Number of cases when minimal distance is at least $k$ for $1\leq k\leq (N-1)/(n+1)$? 
To obtain this, make the people stick out their left arm, so that they not only cover their own chair, but also the next $k-1$ to the left. In order for the last chairs to be available, we have to insert $k-1$ extra chairs on the left. 
That means that the resulting picture after the people are seated will contain $n$ people with extended arms and $N+k-1-nk$ unoccupied chairs. So the number of possibilities is the number of choosing $n$ objects out of $N+k+n-1-nk$ ones, that is $\binom{N-(n-1)(k-1)}{n}$. 

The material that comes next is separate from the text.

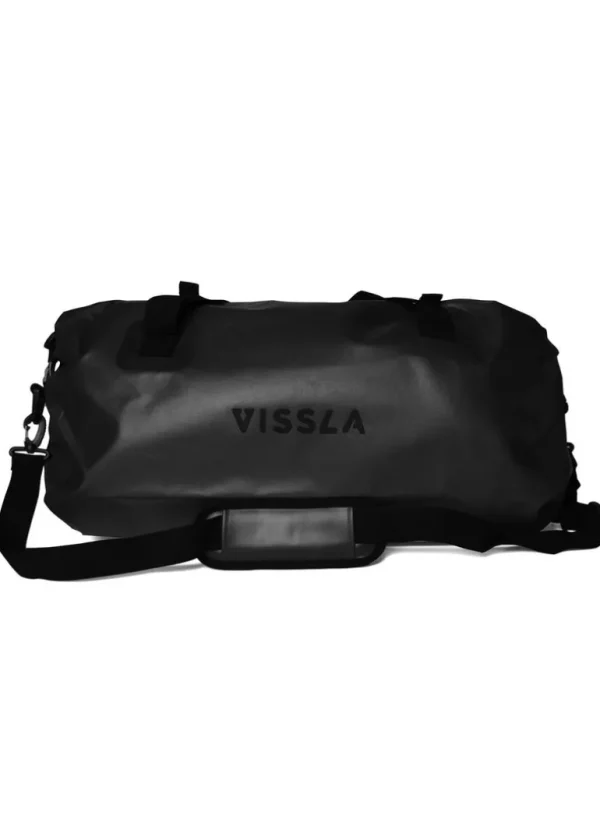 Best Vissla North Seas 40L Dry Duffle Black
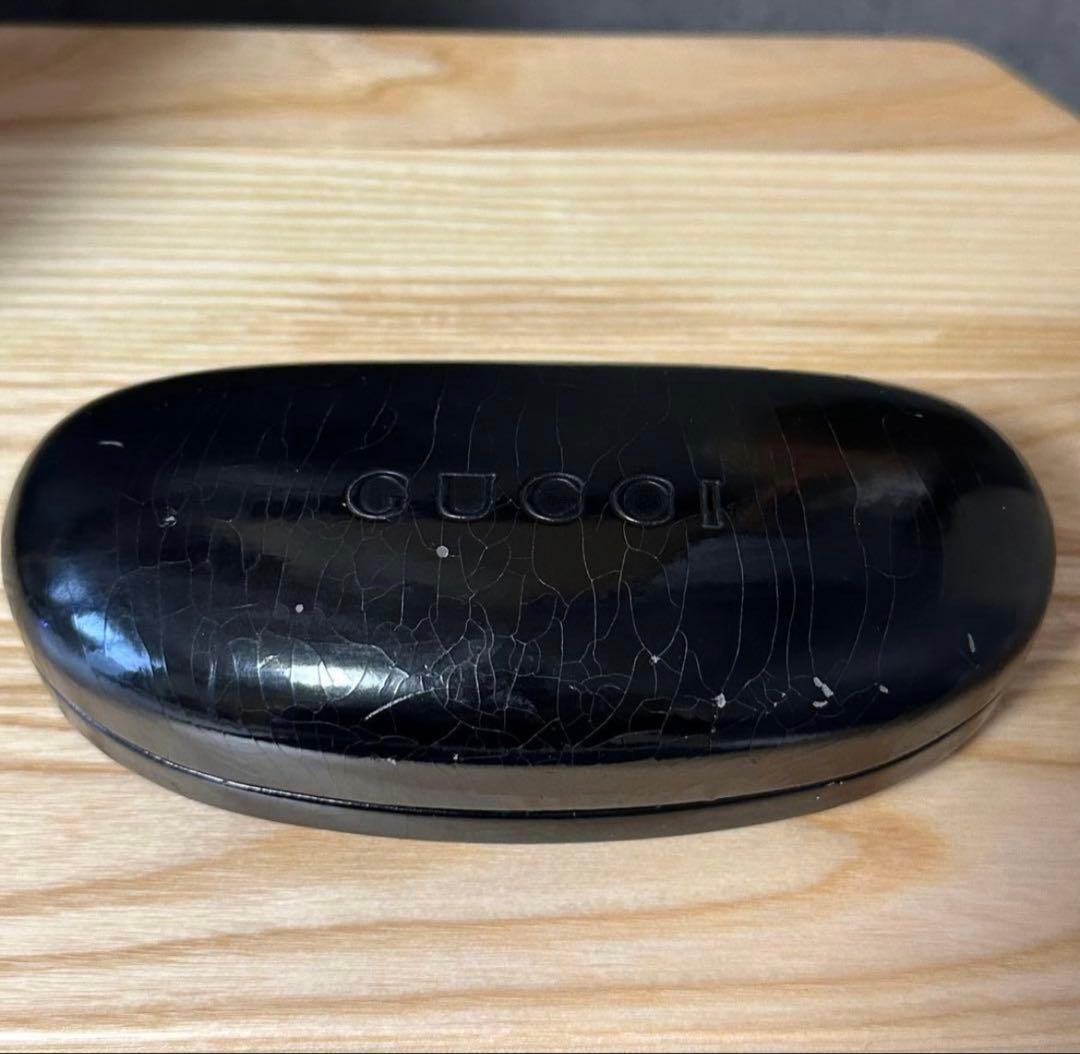 激レア！　GUCCI GG 1178/S DL5ブラックサングラス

So the expected value is $$\frac{1}{\binom{N}{n}}\sum\limits_{k=1}^{(N-1)/(n+1)} \binom{N-(n-1)(k-1)}{n}= \frac{1}{\binom{N}{n}}\sum\limits_{k=0}^{(N-n-2)/(n+1)} \binom{N-k(n-1)}{n}$$ 
The estimation $\binom{N-k(n-1)}{n}\approx \frac{1}{n!} (N-nk)^n$ introduces little error in the relevant region. So the sum is about $\frac{n!}{N^n}\frac{1}{n!}\sum\limits_{k=0}^{(N-n-2)/(n+1)} (N-k(n-1))^n = \sum\limits_{k=0}^{(N-n-2)/(n+1)} (1-k\frac{n-1}{N})^n = \frac{N}{n-1}\sum\limits_{k=0}^{(N-n-2)/(n+1)} \frac{n-1}{N}(1-k\frac{n-1}{N})^n$. 
This last summation is (close to) an upper Riemann approximation of the integral $\int\limits_{0}^{1} x^n = \frac{1}{n+1}$, so we obtain $\frac{N}{n^2-1}$. After compensation by the rescaling factor $N$ we have that the answer to the original question is $\frac{1}{n^2-1}$. 
I will re-check the estimations tomorrow, it is quite late here. Maybe some errors need a bit more care, but I am sure the general argument is fine.